PROMPT: Copy nothing past the line containing "For Lenovo K8". Transcribe every line of the listing below up to and including it, from the first, except pictures.

##### DATA SHOWN #####

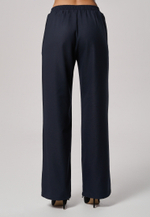 Брюки с поясом на резинке синие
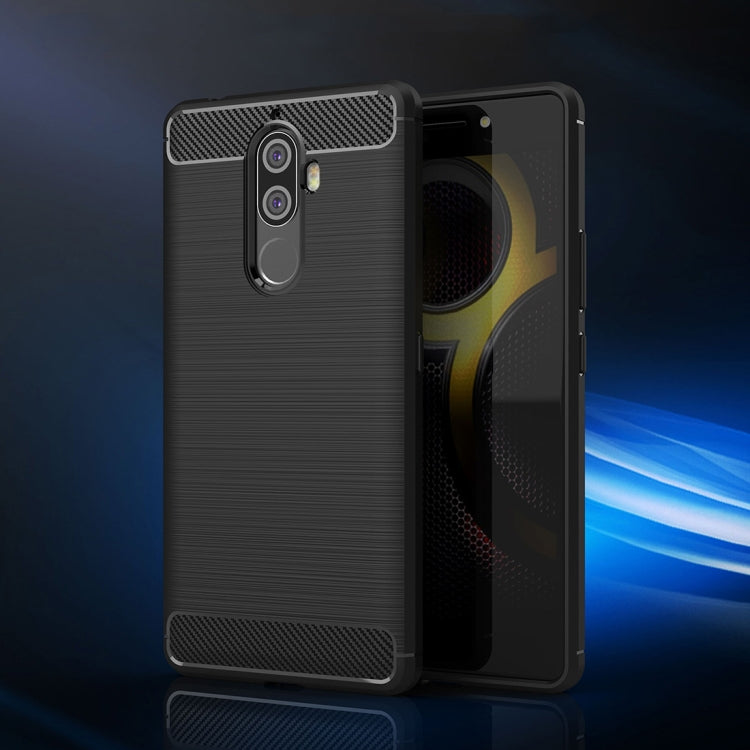 For Lenovo K8 Note Brushed Texture Carbon Fiber Shockproof TPU Rugged Armor Protective Case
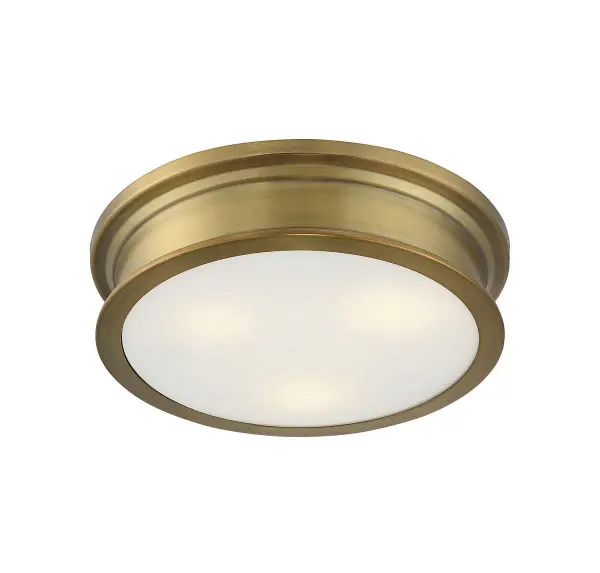 The Watkins flush mount blends vintage Art Deco rings with contemporary streamlined design. Warm brass finish adds luxury while white opal glass provides glare-free illumination. Compact 16" profile fits beautifully in various spaces. - alternate view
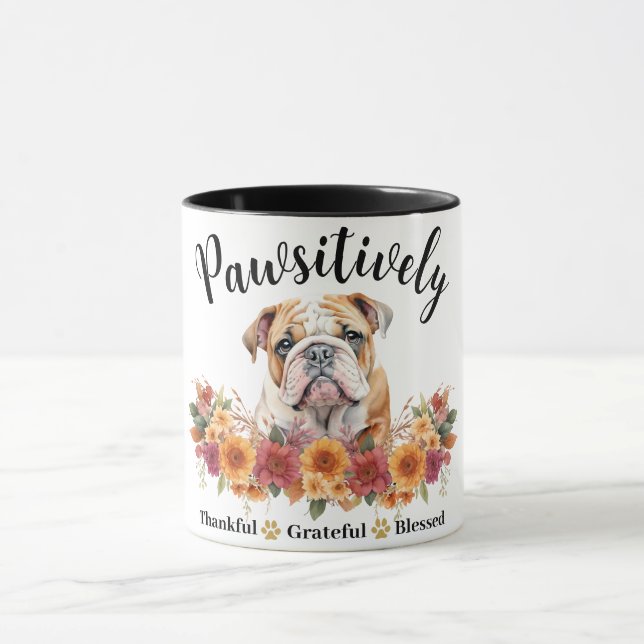 Taza Perro lindo agradecido bendito positivamente (Centro)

#####

REPLY TO THE EXERCISE:
 Брюки с поясом на резинке синие
 For Lenovo K8 Note Brushed Texture Carbon Fiber Shockproof TPU Rugged Armor Protective Case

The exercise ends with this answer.